Chasing a non-paying customer is often a messy process, so it’s best to avoid the issue altogether by taking the following precautions.
1. Research your client.
If you’ve never worked with a client before, take the time to do research and find out who you’re dealing with. Google their name, ask your contacts if they know anything about your new prospect, and see if there are any complaints against them on sites like the Better Business Bureau.

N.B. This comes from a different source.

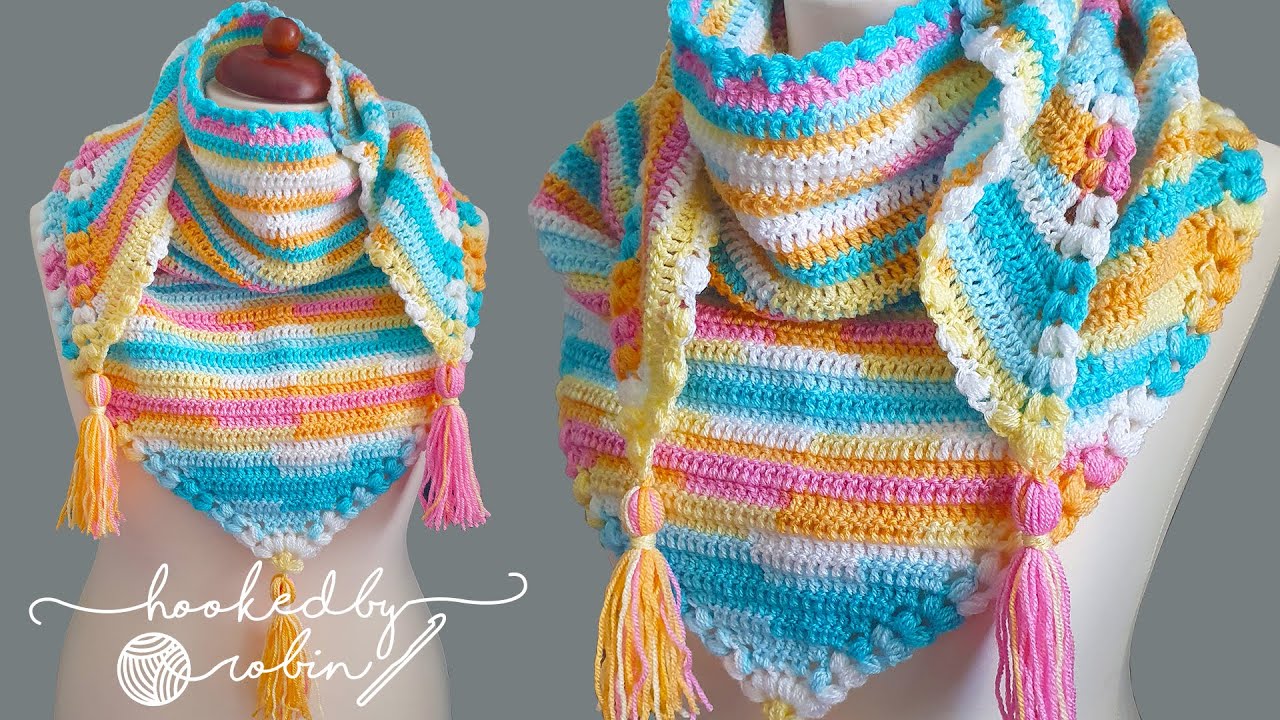 Crochet Bobble Stitch Shawl - Free Crochet Pattern » Colour Ceilidh Crochet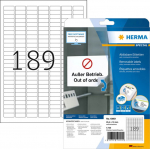 HERMA labels A4 wei&szlig; 25.4x10 mm removable paper 4725 St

“Most non-payments can be prevented or severely minimized by screening the customers in advance,” said Jocelyn R. Nager, president of Frank, Frank, Goldstein & Nager, a professional legal corporation. “Thanks to all information available on the internet, especially the court records, notice of liens and more, most often you can run a risk assessment on your own … and the possibility of non-payment should be reflective of your tolerance for risk.” [Looking for a collections agency? Read our recommendations and reviews on our Best Picks page.]
2. Have a contract.
No matter if it’s your best friend or one of the most respected business leaders in your industry, always have a written contract in place. The contract should address these legal concerns:
Payment schedule: e.g., 40 percent deposit, 40 percent milestone payment and 20 percent on completion
Terms: e.g., payment either 30, 60 or 90 days after the invoice is sent
Preferred payment method: e.g., checks, credit card or PayPal
Scope: the exact work you are expected to complete
Deadline: expected completion date
Late payment policy: amount charged if invoice is not paid on time
It’s essential to get all details in writing so you don’t face issues down the road. For instance, if your client is aware they owe fees for overdue expenses, they’ll be less likely to flake – and if they do, they’ll be forced to pay interest. But if you fail to set up a contract, nothing is guaranteed.
Don’t set yourself up for problems that can be easily avoided. You can find service contracts for free and online.
3. Ask for a deposit.
If you ask for a portion of the payment upfront, you’ll absorb some of the hit. Asking for a deposit or retainer is common for freelancers when negotiating with clients and will help cover the expenses or time that you already put into a project.
According to Tina Willis, owner of Tina Willis Law, the amount you should ask for depends largely on the industry. If workers in your position do not typically charge retainers, consider installment fees, which are paid as you complete certain parts of the job.
“That way, you are less likely to do way too much work before getting paid, or realizing that you are never going to be paid,” Willis said.